# Exploring Delta Live Tables (DLT)
- DLT is a powerful tool to build production-grade data pipelines with ease.
- Offers a simple and intuitive interface to manage and monitor pipelines.
- Focuses on helping users extract insights, not manage infrastructure.
- Built on Apache Spark and designed to be declarative, reliable, and scalable.

### Benefits of Delta Live Tables
- **Simplified pipeline construction:**

  Uses a declarative approach to reduce code complexity and development time.

- **Automatic table dependency management:**

  Utilizes Directed Acyclic Graphs (DAGs) to manage dependencies efficiently.

- **Built-in data quality control:**

  Supports constraints and expectations to ensure high data quality.

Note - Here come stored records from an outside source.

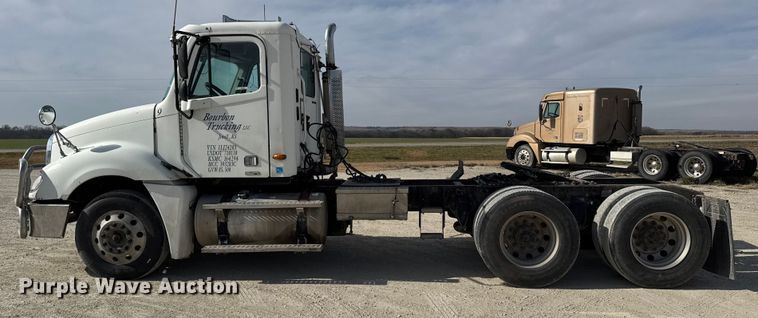 image for item EU6408 2001 Freightliner Columbia semi truck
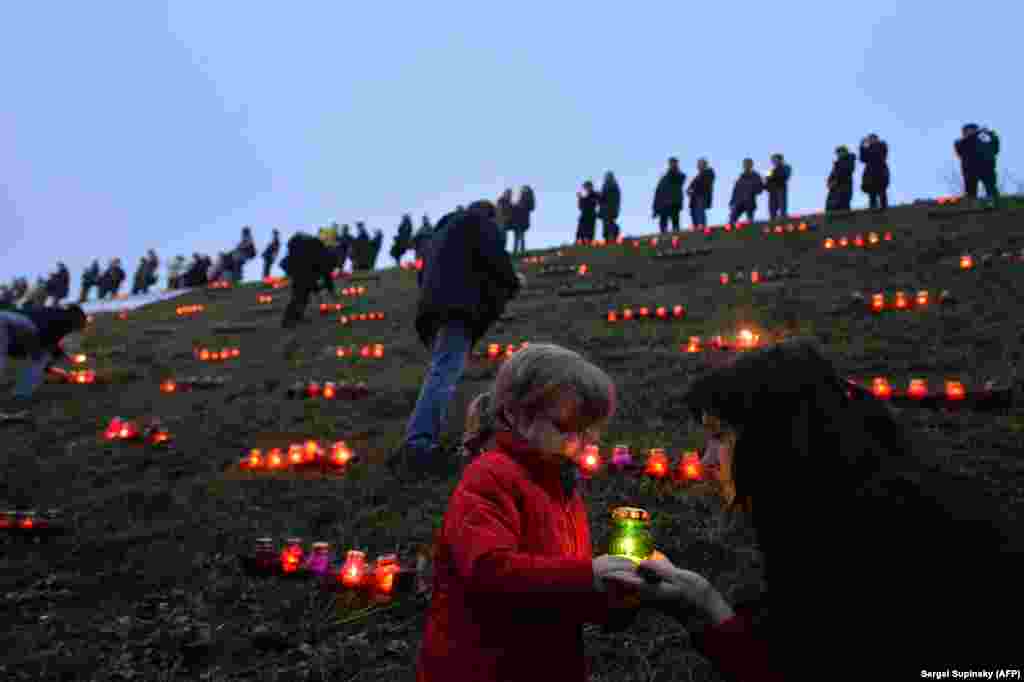 La aniversarea a 80 de ani de la Holodomor, marea foamete, la Kiev, în Ucraina (23 noiembrie).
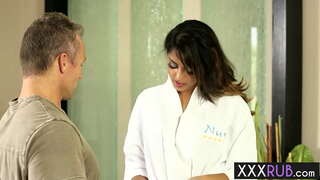 Seksi dušo Sophia Leone kleknuo i progutao kurac posle masaže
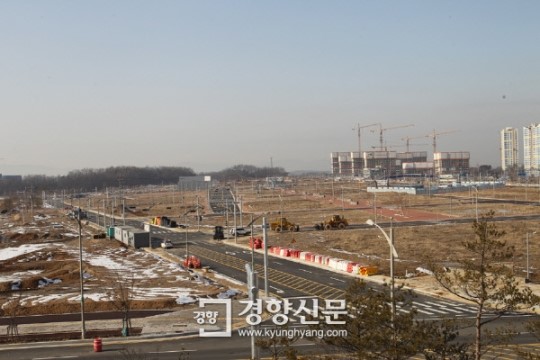 허허벌판에 입주 시작 충북 혁신도시, 정주여건 안 갖춰져 직원들 큰 불편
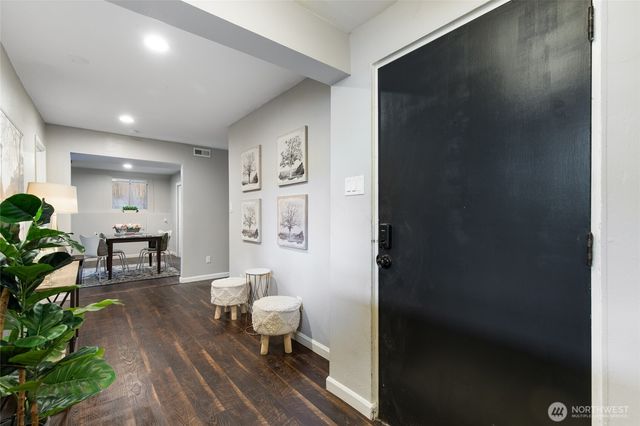 10124 3rd Avenue NW, Seattle, WA 98177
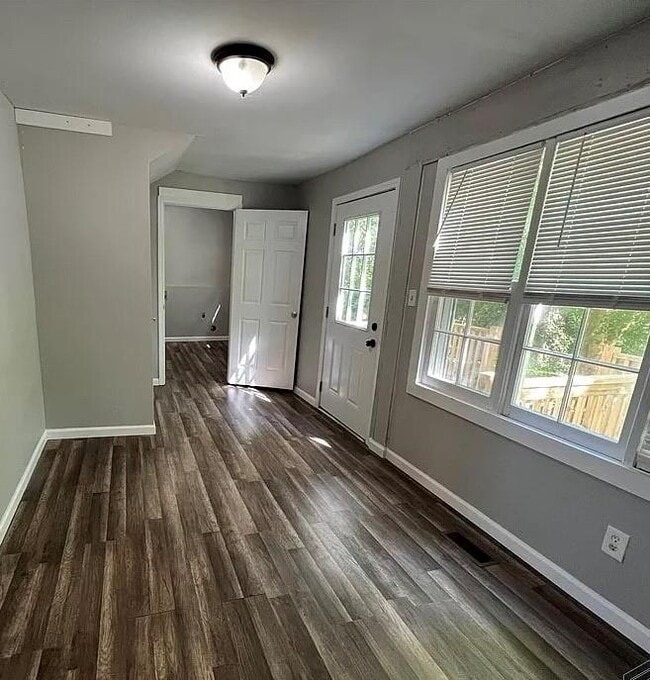 Photo - 3025 Maysville Rd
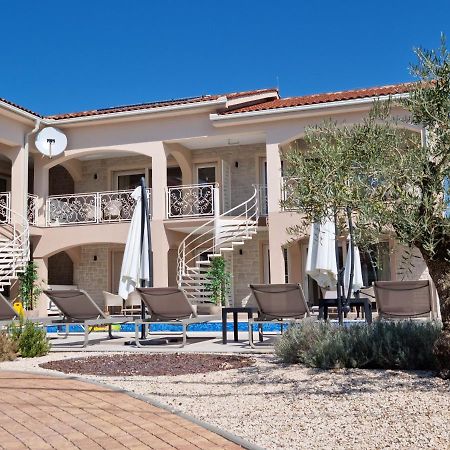 Villa Luka โลปาร์ ภายนอก รูปภาพ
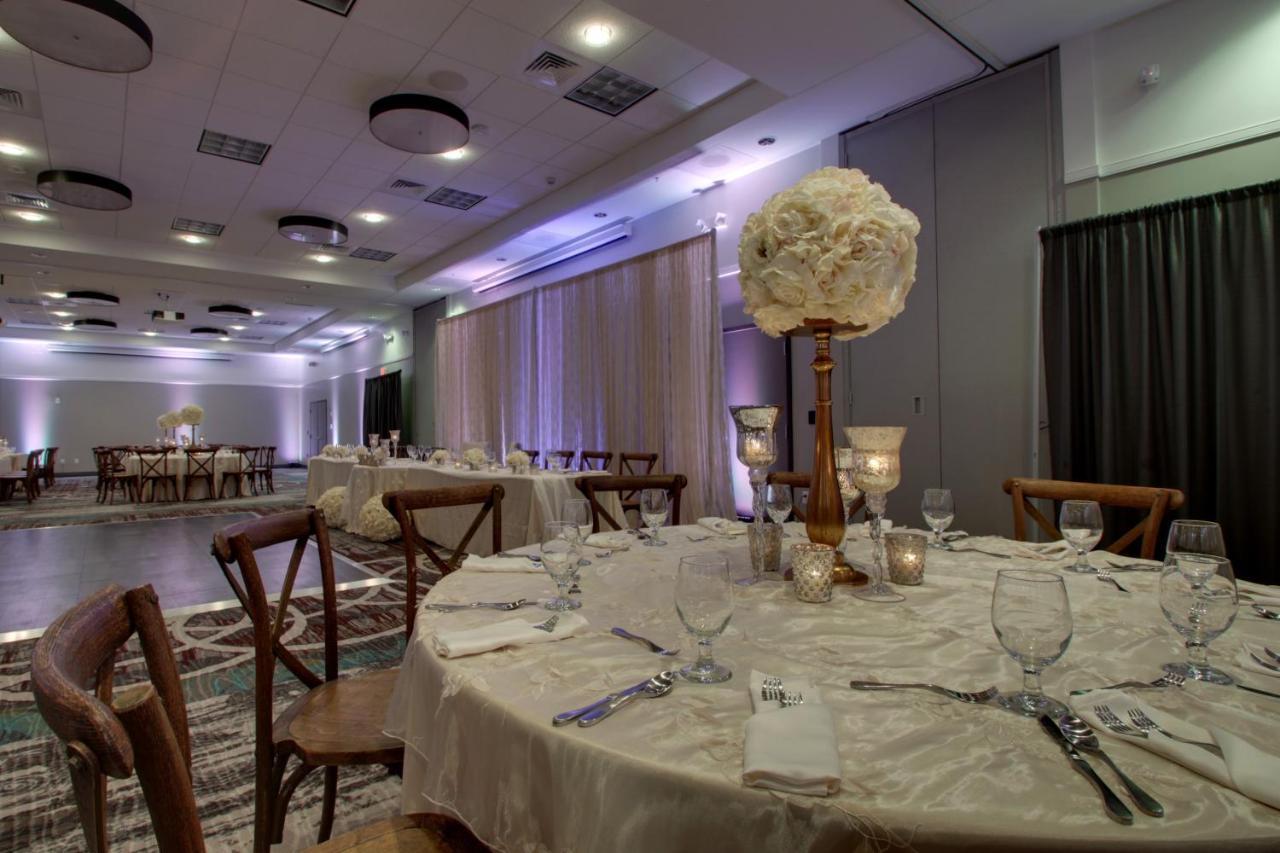 Holiday Inn & Suites Peoria At Grand Prairie By Ihg Ngoại thất bức ảnh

### DLT vs Spark Structured Streaming

| Feature                       | **Delta Live Tables (DLT)**                               | **Spark Structured Streaming**                                         |
| ----------------------------- | --------------------------------------------------------- | ---------------------------------------------------------------------- |
| **Framework Type**            | Declarative ETL framework built on Apache Spark           | Imperative stream processing API                                       |
| **Pipeline Definition**       | SQL or Python with `@dlt.table` decorators                | PySpark DataFrame API using `readStream` / `writeStream`               |
| **Checkpointing**             | Handled automatically by DLT                              | Must be configured manually via `.option("checkpointLocation", "...")` |
| **Data Quality Control**      | Built-in support via `EXPECT` and `CONSTRAINT` clauses    | Basic constraints via Delta Lake (e.g., NOT NULL, CHECK)               |
| **SQL Support for Streaming** | Full SQL support (`CREATE STREAMING TABLE`)               | Cannot create streaming tables with SQL alone                          |
| **Table Management**          | Manages table dependencies using DAGs                     | User must manage dependencies manually                                 |
| **Error Handling**            | Declarative `ON VIOLATION` actions: DROP ROW, FAIL UPDATE | Manual handling via custom logic or exception capture                  |
| **Observability & Logging**   | Built-in metrics and monitoring via DLT UI                | Limited by default; requires custom instrumentation                    |
| **Development Complexity**    | Simplified with less boilerplate code                     | More complex and code-heavy                                            |


### DLT Object Types
#### Streaming Tables
- **Purpose**: Handle incremental data (new records only).
- **Use Case:** Suitable for real-time or near-real-time data ingestion and processing.
- **Behavior:**
  - Each pipeline run processes only the new data added since the last run.
  - Requires streaming sources, such as Auto Loader or append-only Delta tables.
- **Processing Pattern:** Optimized for continuous updates from live data streams.

  **Example syntax:**

  `CREATE OR REFRESH STREAMING TABLE table_name AS`<br>
  `SELECT * FROM <streaming source>`


---

#### Materialized Views (formerly known as Live Tables)
- **Purpose**: Handle batch data (full refresh).
- **Use Case:** Ideal when input data includes updates, deletes, or overwrites.
- **Behavior:**
  - On each run, the entire query is re-executed and the table/view is fully updated.
  - Can work with both streaming and batch data sources.
- **Processing Pattern:** Ensures the target always reflects the latest complete view of source data.

  **Example syntax:**

  `CREATE OR REPLACE MATERIALIZED VIEW mview AS`<br>
  `SELECT * FROM <batch source>`

---

#### Live Views
- **Purpose:** Used for temporary, intermediate transformations.
- **Use Case:** Ideal for data quality checks, filtering, or shaping data within a pipeline, where the output doesn’t need to be stored long-term.
- **Behavior:**
  - Exists only during the pipeline run.
  - Not persisted to the catalog.
  - Used as logical layers to break down complex transformations.

  **Example syntax:**

  `CREATE TEMPORARY LIVE VIEW my_temp_view AS <query>`


### DLT Expectations for Data Quality
Delta Live Tables allows you to define data quality rules using expectations, which are enforced through the CONSTRAINT keyword in SQL or decorators in Python. These rules ensure that the data meets specified conditions before being processed further.

**Defining Constraints**
Use `CONSTRAINT <name> EXPECT (<condition>)` to define data rules.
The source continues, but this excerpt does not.